(DATA IN THIS EXERCISE Opens)

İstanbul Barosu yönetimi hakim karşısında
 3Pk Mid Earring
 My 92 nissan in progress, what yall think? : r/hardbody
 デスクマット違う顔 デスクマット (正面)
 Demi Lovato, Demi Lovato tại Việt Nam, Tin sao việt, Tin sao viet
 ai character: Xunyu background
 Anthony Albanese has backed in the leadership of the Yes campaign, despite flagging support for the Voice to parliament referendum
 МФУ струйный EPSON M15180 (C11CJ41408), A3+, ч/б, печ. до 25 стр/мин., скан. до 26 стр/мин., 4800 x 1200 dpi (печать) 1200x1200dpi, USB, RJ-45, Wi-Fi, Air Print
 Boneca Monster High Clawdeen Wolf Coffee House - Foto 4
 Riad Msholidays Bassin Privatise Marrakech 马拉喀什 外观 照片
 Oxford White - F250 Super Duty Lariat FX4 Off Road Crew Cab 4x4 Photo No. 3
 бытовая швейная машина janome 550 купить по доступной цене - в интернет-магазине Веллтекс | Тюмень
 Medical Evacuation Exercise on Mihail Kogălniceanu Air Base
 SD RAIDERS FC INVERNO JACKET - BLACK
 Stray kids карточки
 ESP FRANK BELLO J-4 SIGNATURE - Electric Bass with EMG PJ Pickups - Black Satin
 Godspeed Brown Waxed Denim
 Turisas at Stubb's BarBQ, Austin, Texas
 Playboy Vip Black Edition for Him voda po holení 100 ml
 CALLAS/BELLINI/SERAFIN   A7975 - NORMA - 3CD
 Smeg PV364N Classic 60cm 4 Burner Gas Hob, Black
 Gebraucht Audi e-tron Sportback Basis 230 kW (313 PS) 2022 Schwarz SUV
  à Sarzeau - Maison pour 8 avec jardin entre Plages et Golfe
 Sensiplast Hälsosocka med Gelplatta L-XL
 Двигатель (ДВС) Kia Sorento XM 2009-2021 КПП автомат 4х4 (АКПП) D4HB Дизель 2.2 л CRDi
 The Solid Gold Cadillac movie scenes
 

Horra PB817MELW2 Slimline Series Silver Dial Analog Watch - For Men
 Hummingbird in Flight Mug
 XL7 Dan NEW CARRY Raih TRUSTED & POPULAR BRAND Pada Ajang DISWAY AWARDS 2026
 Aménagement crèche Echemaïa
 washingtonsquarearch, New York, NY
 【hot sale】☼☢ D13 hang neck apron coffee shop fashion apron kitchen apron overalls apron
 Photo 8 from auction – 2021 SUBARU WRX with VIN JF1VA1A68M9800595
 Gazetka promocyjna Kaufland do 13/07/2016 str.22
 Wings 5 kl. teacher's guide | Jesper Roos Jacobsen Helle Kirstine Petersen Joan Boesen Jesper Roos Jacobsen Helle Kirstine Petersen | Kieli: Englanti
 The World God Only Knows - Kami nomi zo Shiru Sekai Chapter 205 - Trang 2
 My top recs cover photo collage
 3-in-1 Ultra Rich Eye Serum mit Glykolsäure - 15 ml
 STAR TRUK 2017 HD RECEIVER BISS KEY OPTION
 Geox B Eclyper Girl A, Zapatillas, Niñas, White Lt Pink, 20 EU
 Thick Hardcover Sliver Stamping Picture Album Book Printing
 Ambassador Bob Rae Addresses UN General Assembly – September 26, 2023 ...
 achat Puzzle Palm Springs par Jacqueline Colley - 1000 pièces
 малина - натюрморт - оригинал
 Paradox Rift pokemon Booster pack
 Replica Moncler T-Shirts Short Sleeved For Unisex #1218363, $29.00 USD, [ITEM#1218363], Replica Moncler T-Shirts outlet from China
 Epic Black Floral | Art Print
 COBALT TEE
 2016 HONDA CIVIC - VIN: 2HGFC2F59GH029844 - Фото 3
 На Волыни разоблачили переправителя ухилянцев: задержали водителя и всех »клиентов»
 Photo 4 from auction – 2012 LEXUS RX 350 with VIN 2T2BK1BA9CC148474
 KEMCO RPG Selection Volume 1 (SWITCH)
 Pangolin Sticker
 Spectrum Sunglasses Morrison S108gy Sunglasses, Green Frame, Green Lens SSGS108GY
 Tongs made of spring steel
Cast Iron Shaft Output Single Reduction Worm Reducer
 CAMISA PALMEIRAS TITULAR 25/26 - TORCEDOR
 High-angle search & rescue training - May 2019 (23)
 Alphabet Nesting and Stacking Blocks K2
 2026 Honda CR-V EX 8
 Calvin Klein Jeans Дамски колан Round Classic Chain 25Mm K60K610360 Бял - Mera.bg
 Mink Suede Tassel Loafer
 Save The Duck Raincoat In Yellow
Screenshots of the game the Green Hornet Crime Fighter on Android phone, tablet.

(DATA IN THIS EXERCISE Closes)

WORK TO BE COMPLETED -
Print the lines from the one containing "Thick Hardcover Sliver" through the end of the material, word for word, and nothing else.

FINISHED EXERCISE -
 Thick Hardcover Sliver Stamping Picture Album Book Printing
 Ambassador Bob Rae Addresses UN General Assembly – September 26, 2023 ...
 achat Puzzle Palm Springs par Jacqueline Colley - 1000 pièces
 малина - натюрморт - оригинал
 Paradox Rift pokemon Booster pack
 Replica Moncler T-Shirts Short Sleeved For Unisex #1218363, $29.00 USD, [ITEM#1218363], Replica Moncler T-Shirts outlet from China
 Epic Black Floral | Art Print
 COBALT TEE
 2016 HONDA CIVIC - VIN: 2HGFC2F59GH029844 - Фото 3
 На Волыни разоблачили переправителя ухилянцев: задержали водителя и всех »клиентов»
 Photo 4 from auction – 2012 LEXUS RX 350 with VIN 2T2BK1BA9CC148474
 KEMCO RPG Selection Volume 1 (SWITCH)
 Pangolin Sticker
 Spectrum Sunglasses Morrison S108gy Sunglasses, Green Frame, Green Lens SSGS108GY
 Tongs made of spring steel
Cast Iron Shaft Output Single Reduction Worm Reducer
 CAMISA PALMEIRAS TITULAR 25/26 - TORCEDOR
 High-angle search & rescue training - May 2019 (23)
 Alphabet Nesting and Stacking Blocks K2
 2026 Honda CR-V EX 8
 Calvin Klein Jeans Дамски колан Round Classic Chain 25Mm K60K610360 Бял - Mera.bg
 Mink Suede Tassel Loafer
 Save The Duck Raincoat In Yellow
Screenshots of the game the Green Hornet Crime Fighter on Android phone, tablet.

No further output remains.